You are asked to write out the entries exactly as they are given.

Provided entries section start

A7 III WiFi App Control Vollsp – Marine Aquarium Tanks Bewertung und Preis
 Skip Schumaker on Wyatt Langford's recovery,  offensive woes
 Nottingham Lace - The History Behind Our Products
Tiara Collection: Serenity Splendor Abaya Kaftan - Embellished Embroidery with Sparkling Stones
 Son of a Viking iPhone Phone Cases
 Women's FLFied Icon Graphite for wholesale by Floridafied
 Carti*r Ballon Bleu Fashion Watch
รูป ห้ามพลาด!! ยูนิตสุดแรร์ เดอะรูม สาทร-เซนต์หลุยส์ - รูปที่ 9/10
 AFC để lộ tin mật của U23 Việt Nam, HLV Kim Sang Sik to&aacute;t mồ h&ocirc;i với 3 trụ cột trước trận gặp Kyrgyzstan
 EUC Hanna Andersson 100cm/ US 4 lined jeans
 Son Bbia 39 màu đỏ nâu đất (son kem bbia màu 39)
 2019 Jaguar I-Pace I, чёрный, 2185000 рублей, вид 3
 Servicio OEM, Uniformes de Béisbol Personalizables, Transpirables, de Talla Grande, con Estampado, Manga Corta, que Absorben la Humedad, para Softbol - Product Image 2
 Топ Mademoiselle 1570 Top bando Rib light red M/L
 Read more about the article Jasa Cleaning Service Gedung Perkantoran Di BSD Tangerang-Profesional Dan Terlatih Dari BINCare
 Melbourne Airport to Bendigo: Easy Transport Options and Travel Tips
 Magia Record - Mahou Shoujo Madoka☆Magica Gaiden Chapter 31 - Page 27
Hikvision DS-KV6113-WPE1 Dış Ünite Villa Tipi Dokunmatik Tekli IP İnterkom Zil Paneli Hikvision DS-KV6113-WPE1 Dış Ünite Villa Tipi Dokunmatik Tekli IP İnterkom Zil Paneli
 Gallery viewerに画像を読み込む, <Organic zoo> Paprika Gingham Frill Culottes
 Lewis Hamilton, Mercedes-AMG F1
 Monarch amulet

Provided entries section end

■ **Solution to the exercise**
A7 III WiFi App Control Vollsp – Marine Aquarium Tanks Bewertung und Preis
 Skip Schumaker on Wyatt Langford's recovery,  offensive woes
 Nottingham Lace - The History Behind Our Products
Tiara Collection: Serenity Splendor Abaya Kaftan - Embellished Embroidery with Sparkling Stones
 Son of a Viking iPhone Phone Cases
 Women's FLFied Icon Graphite for wholesale by Floridafied
 Carti*r Ballon Bleu Fashion Watch
รูป ห้ามพลาด!! ยูนิตสุดแรร์ เดอะรูม สาทร-เซนต์หลุยส์ - รูปที่ 9/10
 AFC để lộ tin mật của U23 Việt Nam, HLV Kim Sang Sik to&aacute;t mồ h&ocirc;i với 3 trụ cột trước trận gặp Kyrgyzstan
 EUC Hanna Andersson 100cm/ US 4 lined jeans
 Son Bbia 39 màu đỏ nâu đất (son kem bbia màu 39)
 2019 Jaguar I-Pace I, чёрный, 2185000 рублей, вид 3
 Servicio OEM, Uniformes de Béisbol Personalizables, Transpirables, de Talla Grande, con Estampado, Manga Corta, que Absorben la Humedad, para Softbol - Product Image 2
 Топ Mademoiselle 1570 Top bando Rib light red M/L
 Read more about the article Jasa Cleaning Service Gedung Perkantoran Di BSD Tangerang-Profesional Dan Terlatih Dari BINCare
 Melbourne Airport to Bendigo: Easy Transport Options and Travel Tips
 Magia Record - Mahou Shoujo Madoka☆Magica Gaiden Chapter 31 - Page 27
Hikvision DS-KV6113-WPE1 Dış Ünite Villa Tipi Dokunmatik Tekli IP İnterkom Zil Paneli Hikvision DS-KV6113-WPE1 Dış Ünite Villa Tipi Dokunmatik Tekli IP İnterkom Zil Paneli
 Gallery viewerに画像を読み込む, <Organic zoo> Paprika Gingham Frill Culottes
 Lewis Hamilton, Mercedes-AMG F1
 Monarch amulet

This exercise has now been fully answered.